Se você tem mais de uma conta em atraso e não sabe qual dívida pagar primeiro, o momento pede atenção redobrada. Nesta quarta-feira, o Comitê de Estabilidade Financeira do Banco Central divulgou a ata de sua 66ª reunião reforçando que o endividamento das famílias brasileiras segue em patamar historicamente alto, com o comprometimento de renda no maior nível já registrado.
O alerta cita, especificamente, o peso do cartão de crédito rotativo e do crédito pessoal sem garantia na composição dessas dívidas, linhas conhecidas por juros elevados. O sinal não é individual, é um retrato de um problema generalizado, o que reforça a importância de saber qual dívida pagar primeiro quando as contas se acumulam.
O critério mais importante: juros, não o valor da dívida
Diante de várias dívidas, é comum querer quitar primeiro a que tem o maior valor, por parecer mais pesada. Mas o critério mais eficiente para saber qual dívida pagar primeiro costuma ser outro, a taxa de juros cobrada em cada uma. Uma dívida pequena, com juros muito altos, cresce mais rápido do que uma dívida maior, mas com juros baixos.
É o caso típico do rotativo do cartão de crédito, uma linha emergencial que, segundo o próprio Banco Central, seguia acima de 400% ao ano em julho, mesmo após sucessivas quedas recentes. Uma dívida de R$ 300 nesse tipo de crédito pode dobrar de tamanho muito mais rápido do que um financiamento de R$ 3.000 com juros de 2% ao mês.
Ranking prático: qual dívida pagar primeiro
Usando o critério dos juros, é possível montar uma ordem geral de prioridade, que ajuda a decidir qual dívida pagar primeiro diante de várias contas em aberto.

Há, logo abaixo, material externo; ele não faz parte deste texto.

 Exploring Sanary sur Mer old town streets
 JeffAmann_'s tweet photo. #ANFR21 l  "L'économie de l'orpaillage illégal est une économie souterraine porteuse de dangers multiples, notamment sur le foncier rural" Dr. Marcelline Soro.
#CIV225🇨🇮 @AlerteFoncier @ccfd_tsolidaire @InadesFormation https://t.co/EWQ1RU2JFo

- Rotativo do cartão de crédito, cheque especial e crédito pessoal sem garantia, as modalidades mais caras e que costumam merecer prioridade máxima.
- Financiamentos e empréstimos com garantia, com juros menores, mas que ainda pesam no orçamento mensal.

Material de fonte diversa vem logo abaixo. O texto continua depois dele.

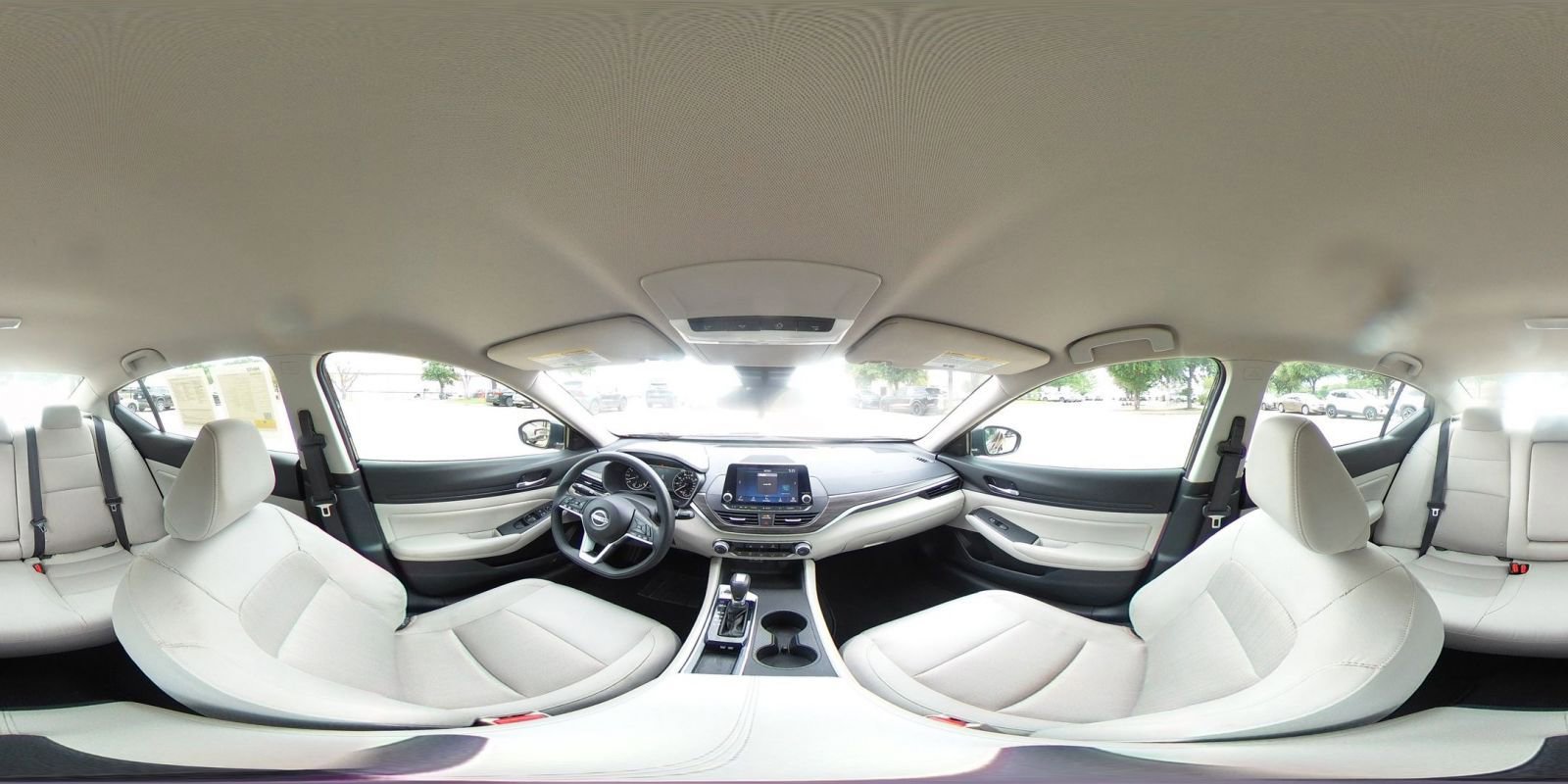 Used 2025 Nissan Altima 2.5 SV FWD image 42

- Crédito consignado, geralmente a modalidade mais barata entre as disponíveis, e por isso a que pode esperar mais no fim da fila.
Vale lembrar que esse ranking é um ponto de partida, não uma fórmula pronta, o ideal é sempre conferir a taxa real de cada contrato antes de decidir por onde começar.

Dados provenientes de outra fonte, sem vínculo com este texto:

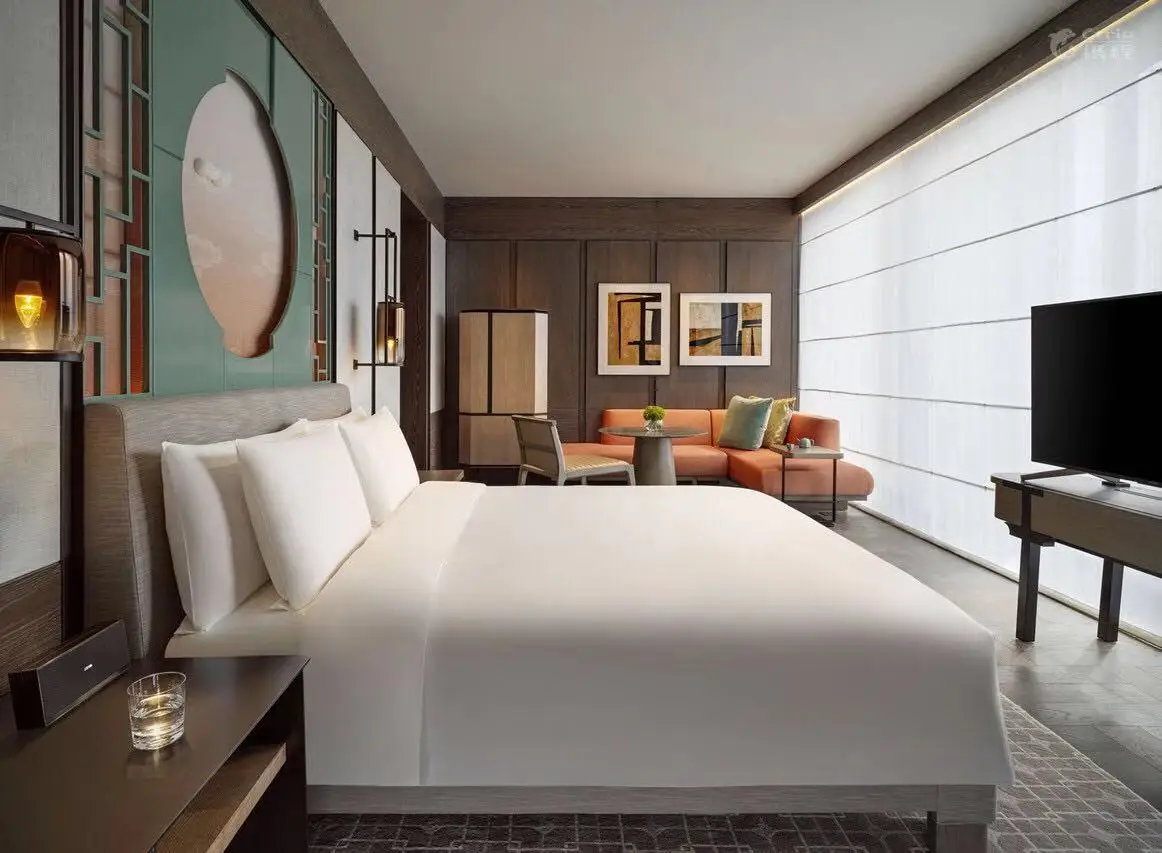 定制希尔顿设计酒店家具和现代木制酒店卧室家具套装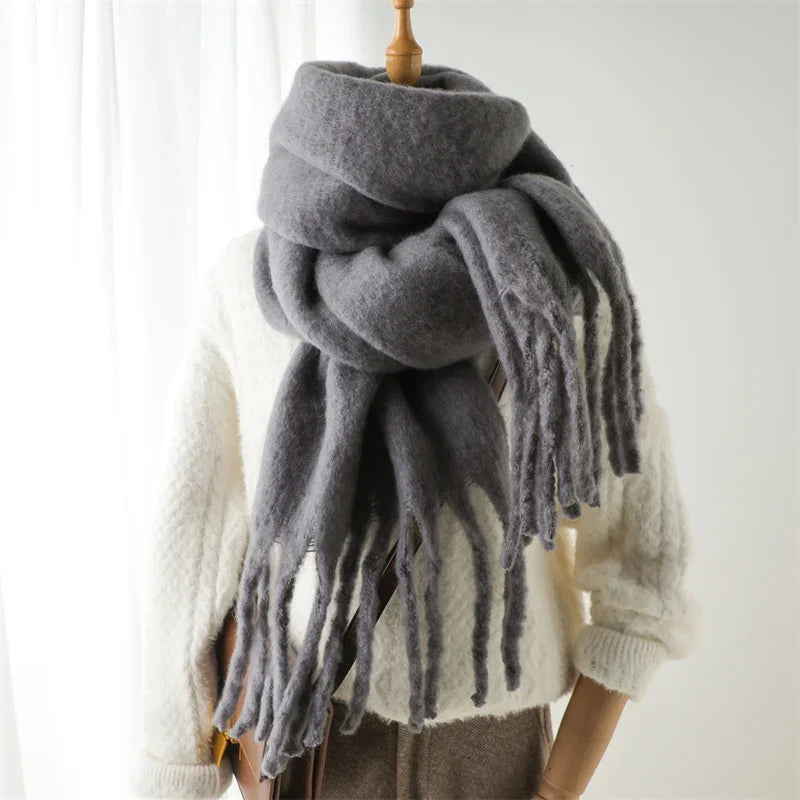 Écharpe D’Hiver pour Femme Avec Grandes Franges | Idéale pour La Saison Froide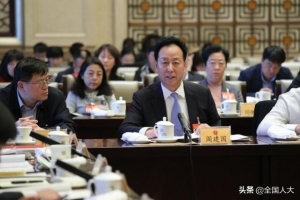 【代表故事】阎建国：热心慈善公益 弘扬法治精神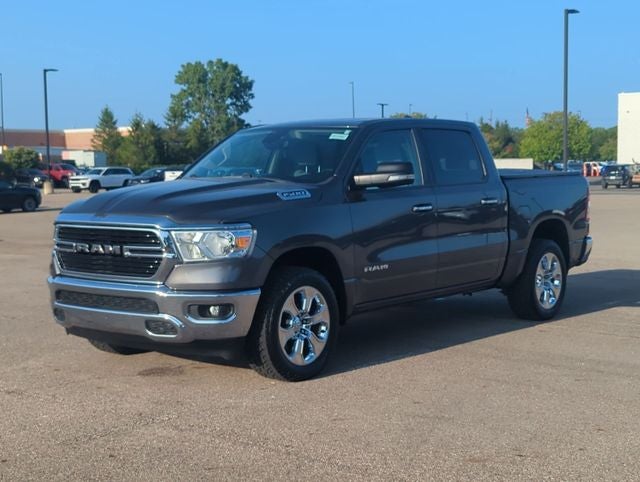 2020 RAM 1500 Big Horn Crew Cab 4x4 5'7' Box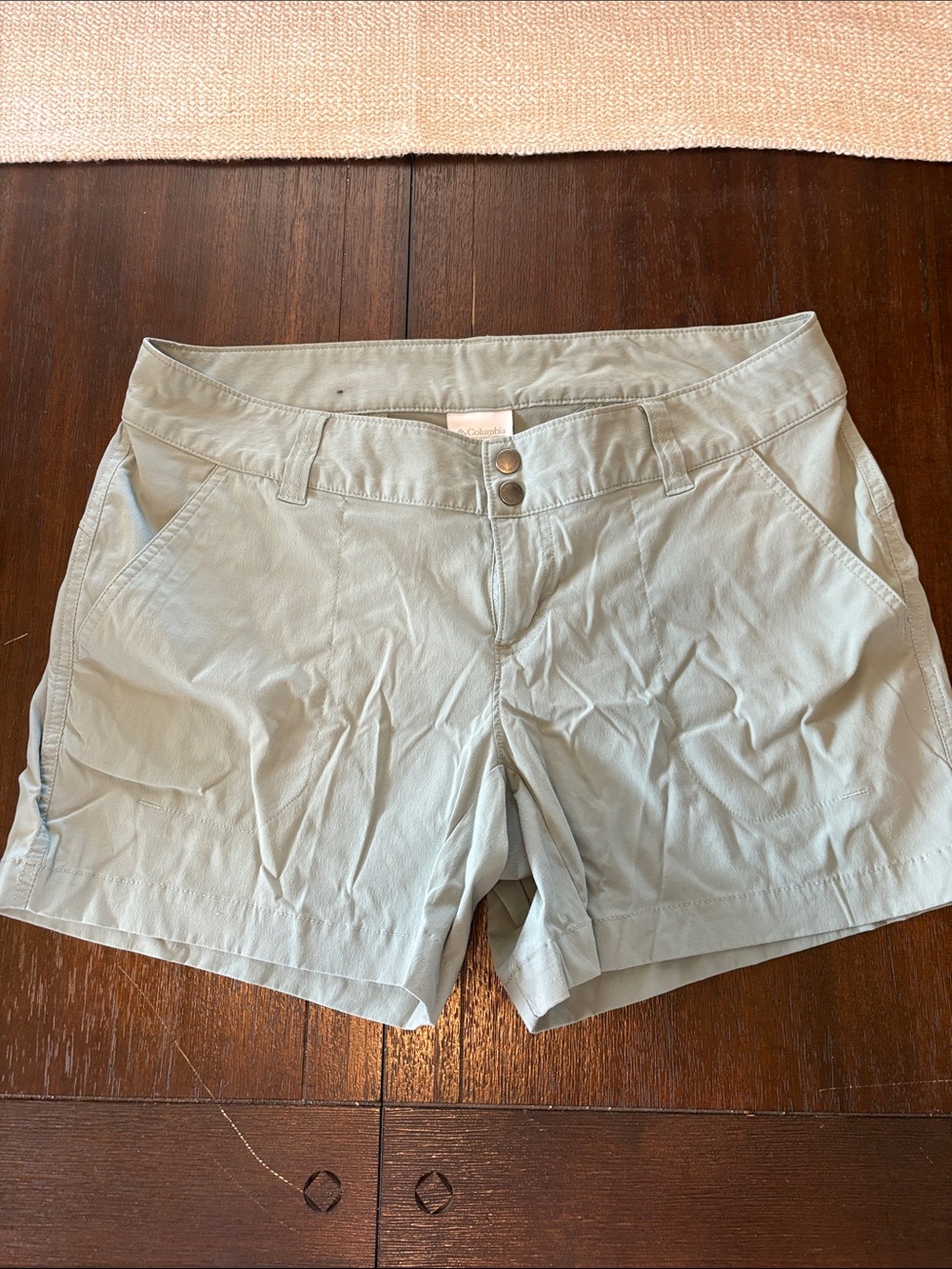 Light Sage Women's front snap Columbia Casual Shorts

Antes de escolher, organize todas as dívidas em um só lugar
Antes de aplicar qualquer critério e decidir qual dívida pagar primeiro, é preciso ter uma visão completa da situação. Isso significa reunir, em uma lista única, todas as dívidas em aberto, com valor atualizado, taxa de juros e data de vencimento de cada uma.
Essa etapa costuma ser a mais esquecida, mas é também a mais importante, porque é difícil priorizar o que não está mapeado. Uma planilha simples ou até um caderno já ajudam a enxergar o tamanho real do problema e a evitar decisões tomadas apenas pela memória ou pela pressa.
Quando vale negociar em vez de só pagar?
Para dívidas que já estão em atraso, saber qual dívida pagar primeiro pode não ser suficiente sozinho. Nesses casos, vale considerar a negociação diretamente com quem cobra a dívida, seja o próprio credor, seja por meio de plataformas de negociação disponíveis para o consumidor.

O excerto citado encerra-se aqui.